**Work task:**
Please copy, exactly as they appear below, the lines from the one containing "Flag of Maine" through the one containing "Rome Colosseum At".

Start of Source data

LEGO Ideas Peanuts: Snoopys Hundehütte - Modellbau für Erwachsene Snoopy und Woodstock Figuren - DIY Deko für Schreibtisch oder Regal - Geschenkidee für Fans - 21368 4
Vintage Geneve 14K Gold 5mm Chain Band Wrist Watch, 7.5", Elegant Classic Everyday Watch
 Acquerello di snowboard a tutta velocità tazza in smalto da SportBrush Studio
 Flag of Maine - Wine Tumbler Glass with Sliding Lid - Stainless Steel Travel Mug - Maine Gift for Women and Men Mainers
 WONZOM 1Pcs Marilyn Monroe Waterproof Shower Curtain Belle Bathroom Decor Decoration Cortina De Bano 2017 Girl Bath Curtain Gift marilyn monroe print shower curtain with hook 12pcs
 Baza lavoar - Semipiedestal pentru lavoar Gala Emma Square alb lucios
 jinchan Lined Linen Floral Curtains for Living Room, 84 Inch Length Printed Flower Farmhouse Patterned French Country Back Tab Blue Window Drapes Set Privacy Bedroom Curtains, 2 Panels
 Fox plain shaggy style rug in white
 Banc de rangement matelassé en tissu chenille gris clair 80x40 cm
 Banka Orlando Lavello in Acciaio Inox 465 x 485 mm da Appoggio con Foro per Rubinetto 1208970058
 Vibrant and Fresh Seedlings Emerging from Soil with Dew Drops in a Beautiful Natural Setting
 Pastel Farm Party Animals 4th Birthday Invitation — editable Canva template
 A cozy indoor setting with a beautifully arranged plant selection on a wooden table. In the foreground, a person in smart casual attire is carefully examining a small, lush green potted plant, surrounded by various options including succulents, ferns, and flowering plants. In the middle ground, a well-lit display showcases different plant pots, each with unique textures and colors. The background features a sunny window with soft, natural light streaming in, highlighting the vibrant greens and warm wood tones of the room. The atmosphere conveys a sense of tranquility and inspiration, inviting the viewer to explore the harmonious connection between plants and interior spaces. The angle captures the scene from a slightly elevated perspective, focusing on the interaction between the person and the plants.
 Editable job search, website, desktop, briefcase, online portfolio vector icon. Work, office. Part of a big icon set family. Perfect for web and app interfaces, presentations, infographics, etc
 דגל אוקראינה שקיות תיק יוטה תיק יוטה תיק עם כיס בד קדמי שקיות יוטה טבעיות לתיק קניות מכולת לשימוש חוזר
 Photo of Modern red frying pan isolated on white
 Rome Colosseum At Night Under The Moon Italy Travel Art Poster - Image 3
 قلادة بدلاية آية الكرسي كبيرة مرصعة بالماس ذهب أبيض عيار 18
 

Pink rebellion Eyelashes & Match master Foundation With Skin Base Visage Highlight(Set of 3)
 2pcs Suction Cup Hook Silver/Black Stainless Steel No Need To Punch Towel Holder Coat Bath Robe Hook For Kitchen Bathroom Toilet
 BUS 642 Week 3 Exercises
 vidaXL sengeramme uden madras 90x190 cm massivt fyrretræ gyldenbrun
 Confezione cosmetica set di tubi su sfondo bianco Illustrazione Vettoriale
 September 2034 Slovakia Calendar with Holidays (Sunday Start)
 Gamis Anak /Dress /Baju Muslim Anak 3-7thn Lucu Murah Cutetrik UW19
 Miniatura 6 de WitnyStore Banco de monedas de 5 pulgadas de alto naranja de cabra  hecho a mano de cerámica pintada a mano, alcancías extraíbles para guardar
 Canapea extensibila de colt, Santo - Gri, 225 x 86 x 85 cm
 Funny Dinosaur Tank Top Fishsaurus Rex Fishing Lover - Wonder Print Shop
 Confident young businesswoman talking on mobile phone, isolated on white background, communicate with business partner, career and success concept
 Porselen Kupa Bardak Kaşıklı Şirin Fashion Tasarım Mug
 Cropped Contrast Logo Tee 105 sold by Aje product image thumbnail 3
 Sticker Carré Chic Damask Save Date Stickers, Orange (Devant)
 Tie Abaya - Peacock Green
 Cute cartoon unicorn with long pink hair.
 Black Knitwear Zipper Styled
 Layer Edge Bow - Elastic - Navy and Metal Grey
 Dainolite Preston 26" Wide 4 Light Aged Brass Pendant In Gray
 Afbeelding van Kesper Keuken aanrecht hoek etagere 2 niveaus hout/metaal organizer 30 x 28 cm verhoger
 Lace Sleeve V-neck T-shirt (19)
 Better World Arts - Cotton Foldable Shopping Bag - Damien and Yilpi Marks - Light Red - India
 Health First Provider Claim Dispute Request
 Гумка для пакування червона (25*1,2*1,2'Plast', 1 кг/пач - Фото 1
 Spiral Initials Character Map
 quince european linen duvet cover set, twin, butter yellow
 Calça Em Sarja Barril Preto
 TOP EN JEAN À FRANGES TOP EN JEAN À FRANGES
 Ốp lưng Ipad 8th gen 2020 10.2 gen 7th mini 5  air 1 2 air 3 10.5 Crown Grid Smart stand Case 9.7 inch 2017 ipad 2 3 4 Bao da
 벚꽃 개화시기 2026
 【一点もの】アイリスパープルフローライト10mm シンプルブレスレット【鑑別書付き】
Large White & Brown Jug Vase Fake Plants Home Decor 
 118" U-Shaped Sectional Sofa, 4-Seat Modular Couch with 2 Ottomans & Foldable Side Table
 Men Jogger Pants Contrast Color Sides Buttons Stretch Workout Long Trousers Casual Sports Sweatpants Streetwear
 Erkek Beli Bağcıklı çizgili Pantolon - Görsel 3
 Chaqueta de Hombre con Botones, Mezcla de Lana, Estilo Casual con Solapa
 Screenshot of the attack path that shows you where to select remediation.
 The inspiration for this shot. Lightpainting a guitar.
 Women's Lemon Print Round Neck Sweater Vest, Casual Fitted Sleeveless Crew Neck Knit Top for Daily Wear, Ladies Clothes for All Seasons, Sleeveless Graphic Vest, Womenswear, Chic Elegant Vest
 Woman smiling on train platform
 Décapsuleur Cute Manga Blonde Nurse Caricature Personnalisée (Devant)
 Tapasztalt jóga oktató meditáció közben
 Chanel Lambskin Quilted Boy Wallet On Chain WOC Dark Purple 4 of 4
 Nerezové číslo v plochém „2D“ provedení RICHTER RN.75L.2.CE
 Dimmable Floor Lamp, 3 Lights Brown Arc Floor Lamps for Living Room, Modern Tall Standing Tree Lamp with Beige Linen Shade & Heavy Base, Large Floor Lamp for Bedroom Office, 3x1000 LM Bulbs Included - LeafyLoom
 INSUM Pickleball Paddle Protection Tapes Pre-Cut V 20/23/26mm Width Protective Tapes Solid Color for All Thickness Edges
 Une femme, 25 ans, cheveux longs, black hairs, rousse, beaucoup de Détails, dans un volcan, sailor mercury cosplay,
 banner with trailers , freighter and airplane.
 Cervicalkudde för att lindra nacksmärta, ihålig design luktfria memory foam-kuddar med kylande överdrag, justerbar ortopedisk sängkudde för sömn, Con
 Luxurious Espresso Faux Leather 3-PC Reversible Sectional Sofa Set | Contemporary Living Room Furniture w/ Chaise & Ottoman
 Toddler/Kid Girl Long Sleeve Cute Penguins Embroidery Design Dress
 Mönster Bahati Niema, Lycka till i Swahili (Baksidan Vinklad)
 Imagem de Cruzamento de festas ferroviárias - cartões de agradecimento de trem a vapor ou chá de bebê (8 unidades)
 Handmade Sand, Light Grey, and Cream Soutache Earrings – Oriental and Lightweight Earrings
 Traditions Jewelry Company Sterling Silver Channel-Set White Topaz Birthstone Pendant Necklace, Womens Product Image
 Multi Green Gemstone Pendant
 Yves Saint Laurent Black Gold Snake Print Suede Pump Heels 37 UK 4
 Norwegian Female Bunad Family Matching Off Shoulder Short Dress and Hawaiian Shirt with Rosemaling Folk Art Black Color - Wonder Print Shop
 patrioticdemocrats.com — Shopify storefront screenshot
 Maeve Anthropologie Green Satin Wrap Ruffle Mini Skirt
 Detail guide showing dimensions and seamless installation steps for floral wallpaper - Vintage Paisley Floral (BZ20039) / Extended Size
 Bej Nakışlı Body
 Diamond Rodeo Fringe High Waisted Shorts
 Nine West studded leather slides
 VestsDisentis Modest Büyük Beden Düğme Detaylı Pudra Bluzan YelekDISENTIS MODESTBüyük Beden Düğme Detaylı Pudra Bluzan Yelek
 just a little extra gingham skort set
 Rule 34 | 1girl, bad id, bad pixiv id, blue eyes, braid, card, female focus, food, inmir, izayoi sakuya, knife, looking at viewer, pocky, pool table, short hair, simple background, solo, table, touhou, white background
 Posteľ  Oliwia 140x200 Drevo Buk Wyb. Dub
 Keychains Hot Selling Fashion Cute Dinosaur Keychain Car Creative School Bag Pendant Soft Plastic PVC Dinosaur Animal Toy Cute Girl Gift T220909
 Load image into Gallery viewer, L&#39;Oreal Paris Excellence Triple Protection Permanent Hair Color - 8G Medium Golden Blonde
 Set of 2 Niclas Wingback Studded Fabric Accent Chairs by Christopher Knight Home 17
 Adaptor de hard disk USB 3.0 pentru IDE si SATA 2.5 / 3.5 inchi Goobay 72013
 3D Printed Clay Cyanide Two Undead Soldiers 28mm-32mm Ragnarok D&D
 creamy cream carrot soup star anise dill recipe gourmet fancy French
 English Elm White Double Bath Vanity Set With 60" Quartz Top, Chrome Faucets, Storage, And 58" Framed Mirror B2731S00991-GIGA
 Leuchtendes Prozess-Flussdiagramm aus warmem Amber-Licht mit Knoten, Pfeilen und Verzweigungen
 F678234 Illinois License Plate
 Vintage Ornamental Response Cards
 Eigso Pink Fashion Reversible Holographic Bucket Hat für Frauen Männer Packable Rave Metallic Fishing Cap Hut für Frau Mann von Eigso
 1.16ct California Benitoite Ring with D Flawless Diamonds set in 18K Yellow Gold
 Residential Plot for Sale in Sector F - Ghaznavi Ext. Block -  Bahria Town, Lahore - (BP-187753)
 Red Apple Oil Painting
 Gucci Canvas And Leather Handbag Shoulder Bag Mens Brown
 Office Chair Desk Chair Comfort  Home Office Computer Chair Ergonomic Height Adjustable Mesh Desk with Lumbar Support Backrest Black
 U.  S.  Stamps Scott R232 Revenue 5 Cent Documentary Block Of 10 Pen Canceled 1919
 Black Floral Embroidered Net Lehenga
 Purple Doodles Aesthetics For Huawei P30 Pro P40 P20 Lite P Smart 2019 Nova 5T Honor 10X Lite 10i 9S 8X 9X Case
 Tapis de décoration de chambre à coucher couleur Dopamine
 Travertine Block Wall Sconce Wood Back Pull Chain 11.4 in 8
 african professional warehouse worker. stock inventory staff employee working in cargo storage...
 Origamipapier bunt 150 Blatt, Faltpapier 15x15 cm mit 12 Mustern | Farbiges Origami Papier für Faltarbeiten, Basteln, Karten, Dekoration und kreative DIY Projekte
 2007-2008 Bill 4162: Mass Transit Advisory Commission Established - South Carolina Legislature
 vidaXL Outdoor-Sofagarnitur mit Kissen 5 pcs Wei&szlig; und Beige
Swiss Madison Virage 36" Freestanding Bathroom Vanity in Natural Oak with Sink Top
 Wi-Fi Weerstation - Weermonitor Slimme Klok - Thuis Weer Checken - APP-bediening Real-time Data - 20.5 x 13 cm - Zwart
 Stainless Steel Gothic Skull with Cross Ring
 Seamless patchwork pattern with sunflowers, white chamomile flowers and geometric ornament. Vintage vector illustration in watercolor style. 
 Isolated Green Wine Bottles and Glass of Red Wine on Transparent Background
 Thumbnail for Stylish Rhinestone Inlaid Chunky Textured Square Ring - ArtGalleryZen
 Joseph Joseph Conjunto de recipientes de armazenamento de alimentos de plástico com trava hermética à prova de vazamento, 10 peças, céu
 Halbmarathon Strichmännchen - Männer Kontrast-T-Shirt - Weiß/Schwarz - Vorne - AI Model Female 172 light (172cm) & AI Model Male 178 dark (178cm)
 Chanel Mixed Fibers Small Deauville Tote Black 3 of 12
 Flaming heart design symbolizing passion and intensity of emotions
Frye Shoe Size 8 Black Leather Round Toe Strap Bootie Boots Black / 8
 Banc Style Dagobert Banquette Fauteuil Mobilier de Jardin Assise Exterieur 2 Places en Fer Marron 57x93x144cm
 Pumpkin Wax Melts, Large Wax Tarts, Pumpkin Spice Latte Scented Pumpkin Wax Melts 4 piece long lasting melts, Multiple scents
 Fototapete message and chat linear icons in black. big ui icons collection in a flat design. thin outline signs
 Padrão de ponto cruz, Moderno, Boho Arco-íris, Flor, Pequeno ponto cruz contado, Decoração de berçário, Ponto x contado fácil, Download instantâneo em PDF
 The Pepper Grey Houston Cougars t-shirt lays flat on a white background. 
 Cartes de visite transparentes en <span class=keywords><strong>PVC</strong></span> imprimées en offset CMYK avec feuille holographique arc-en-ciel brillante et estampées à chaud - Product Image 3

End of Source data

**Exercise result:**
 Flag of Maine - Wine Tumbler Glass with Sliding Lid - Stainless Steel Travel Mug - Maine Gift for Women and Men Mainers
 WONZOM 1Pcs Marilyn Monroe Waterproof Shower Curtain Belle Bathroom Decor Decoration Cortina De Bano 2017 Girl Bath Curtain Gift marilyn monroe print shower curtain with hook 12pcs
 Baza lavoar - Semipiedestal pentru lavoar Gala Emma Square alb lucios
 jinchan Lined Linen Floral Curtains for Living Room, 84 Inch Length Printed Flower Farmhouse Patterned French Country Back Tab Blue Window Drapes Set Privacy Bedroom Curtains, 2 Panels
 Fox plain shaggy style rug in white
 Banc de rangement matelassé en tissu chenille gris clair 80x40 cm
 Banka Orlando Lavello in Acciaio Inox 465 x 485 mm da Appoggio con Foro per Rubinetto 1208970058
 Vibrant and Fresh Seedlings Emerging from Soil with Dew Drops in a Beautiful Natural Setting
 Pastel Farm Party Animals 4th Birthday Invitation — editable Canva template
 A cozy indoor setting with a beautifully arranged plant selection on a wooden table. In the foreground, a person in smart casual attire is carefully examining a small, lush green potted plant, surrounded by various options including succulents, ferns, and flowering plants. In the middle ground, a well-lit display showcases different plant pots, each with unique textures and colors. The background features a sunny window with soft, natural light streaming in, highlighting the vibrant greens and warm wood tones of the room. The atmosphere conveys a sense of tranquility and inspiration, inviting the viewer to explore the harmonious connection between plants and interior spaces. The angle captures the scene from a slightly elevated perspective, focusing on the interaction between the person and the plants.
 Editable job search, website, desktop, briefcase, online portfolio vector icon. Work, office. Part of a big icon set family. Perfect for web and app interfaces, presentations, infographics, etc
 דגל אוקראינה שקיות תיק יוטה תיק יוטה תיק עם כיס בד קדמי שקיות יוטה טבעיות לתיק קניות מכולת לשימוש חוזר
 Photo of Modern red frying pan isolated on white
 Rome Colosseum At Night Under The Moon Italy Travel Art Poster - Image 3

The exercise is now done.